Saturday, January 9, 2010

Technical Analysis Part IV

 D. Money Management, Stop-loss & Trailing-Stop
The single most important concept that a successful technical analyst and trader must fully comprehend is probability. From this vital concept, the following trading strategies and techniques are devised to improve the chances of success or at least reduce the odds of failure.

The importance of money management to successful trading cannot be over - emphasized. In our view, it is the single most important factor in deciding whether a trader eventually succeeds or fails. Out of the financial resources available, what is the exposure or amount that a trader should have to a particular trade has a big influence in the trader's eventual performance.

The main idea behind these 2 important money management techniques of stop - loss and trailing - stop is "Let your profits run but cut your losses."

Stop - loss means that if the price of the counter falls to a certain predetermined level, a trader should stop the losses and sell. What the actual stop - loss should be has to be determined by the trader him or herself. Setting the stop - loss levels can be more complex than what is generally realised and is dependent on a number of major factors. There is a trade off in setting a stop - loss " if it is close to your buying price, the stop - loss can be easily triggered but your loss will be small and vice - versa.

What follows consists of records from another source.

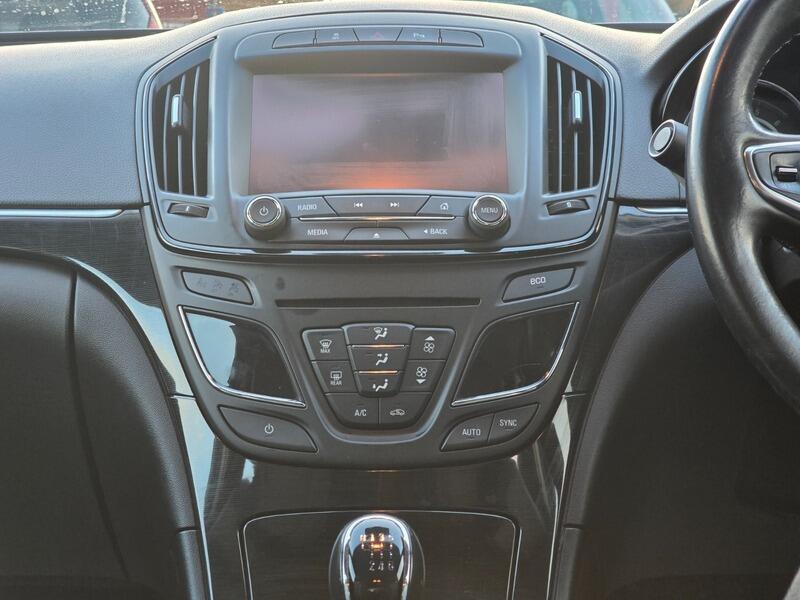 Used Vauxhall Insignia 2015 for sale - 77892625: Photo 23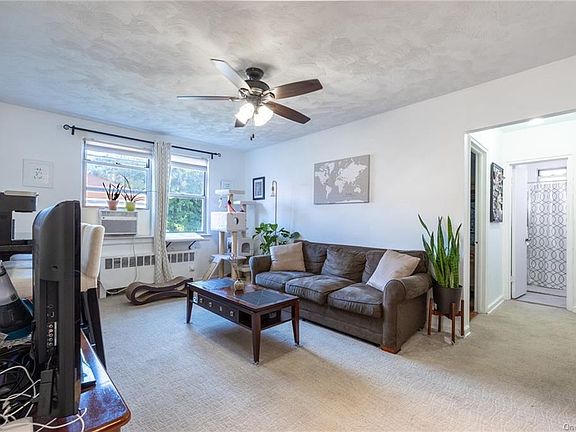5th image of 11 Bryant Cres APT 2M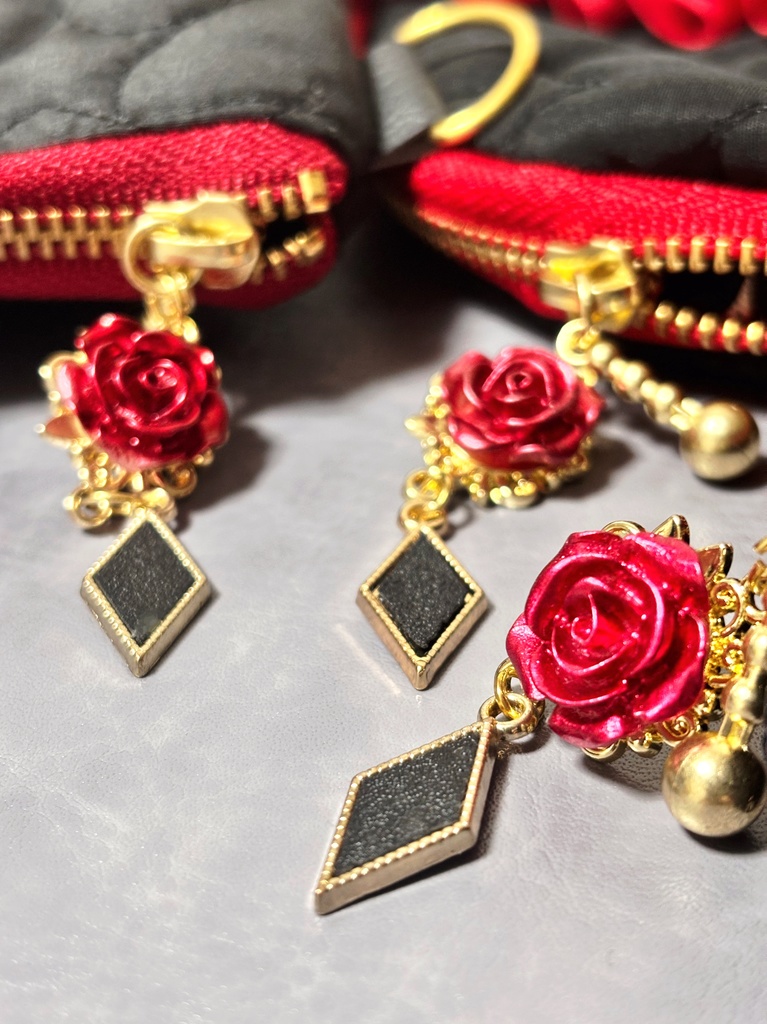 加州清光フリルポーチ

A trailing - stop is used when a counter after you have bought has gone up in price. What happens is this : Say the price has gone up from $2.00 to $3.00. To protect your profits (in case the trend turns ) and yet have a chance to participate ( in case the price still rises ), you place a trailing - stop at, say, $2.50. This means that if the price falls to $2.50, you sell out with a profit. As the price goes higher, your trailing - stops should move higher too. What the trailing - stops will be will have to be decided by each trader him or herself.